◆ SOURCE MATERIAL ◆
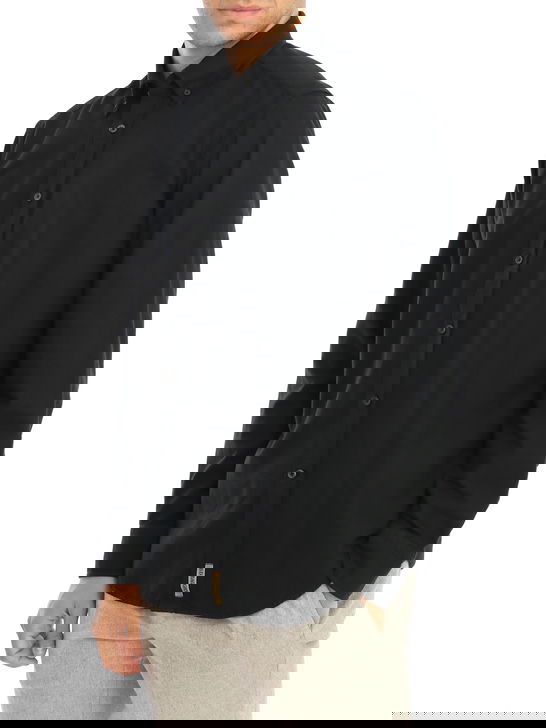 B.D. Baggies Camicia B.D. Baggies Bradford Nero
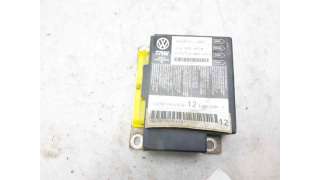 CENTRALITA AIRBAG VOLKSWAGEN PASSAT VARIANT (2005-2010) 2.0 TDI 16V 140CV 1968CC - L.7980745 / 3C0909605M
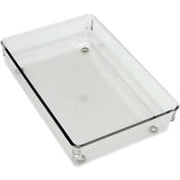 Interdesign iDesign Linus Drawer Organizer Tray - Pack of 24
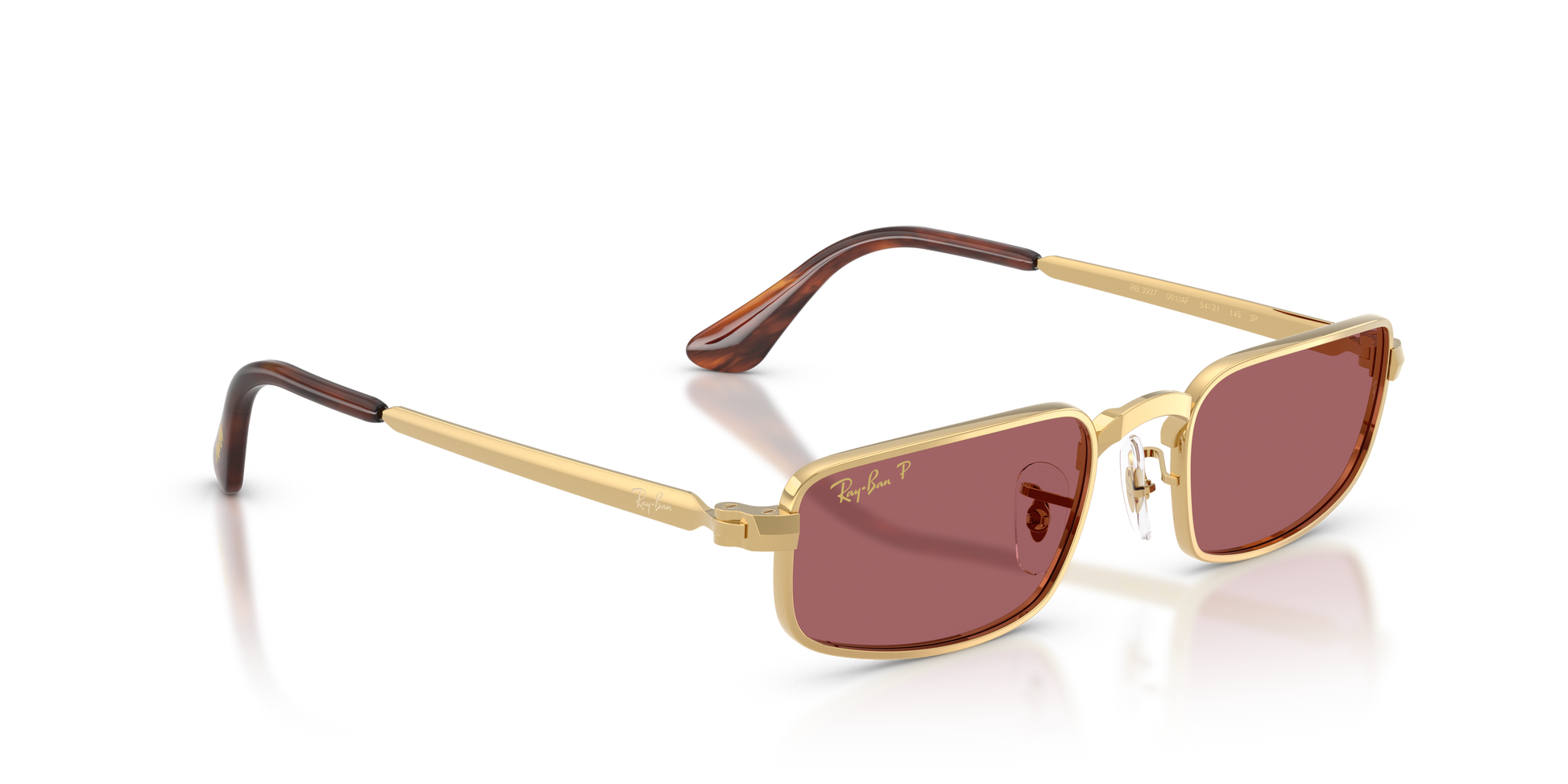 Ray-Ban RB3927 001/AF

◆ WHAT THE TASK REQUIRES ◆
Copy the listing word for word, excluding its pictures.

◆ RESULT OF THE EXERCISE ◆
 B.D. Baggies Camicia B.D. Baggies Bradford Nero
 CENTRALITA AIRBAG VOLKSWAGEN PASSAT VARIANT (2005-2010) 2.0 TDI 16V 140CV 1968CC - L.7980745 / 3C0909605M
 Interdesign iDesign Linus Drawer Organizer Tray - Pack of 24
 Ray-Ban RB3927 001/AF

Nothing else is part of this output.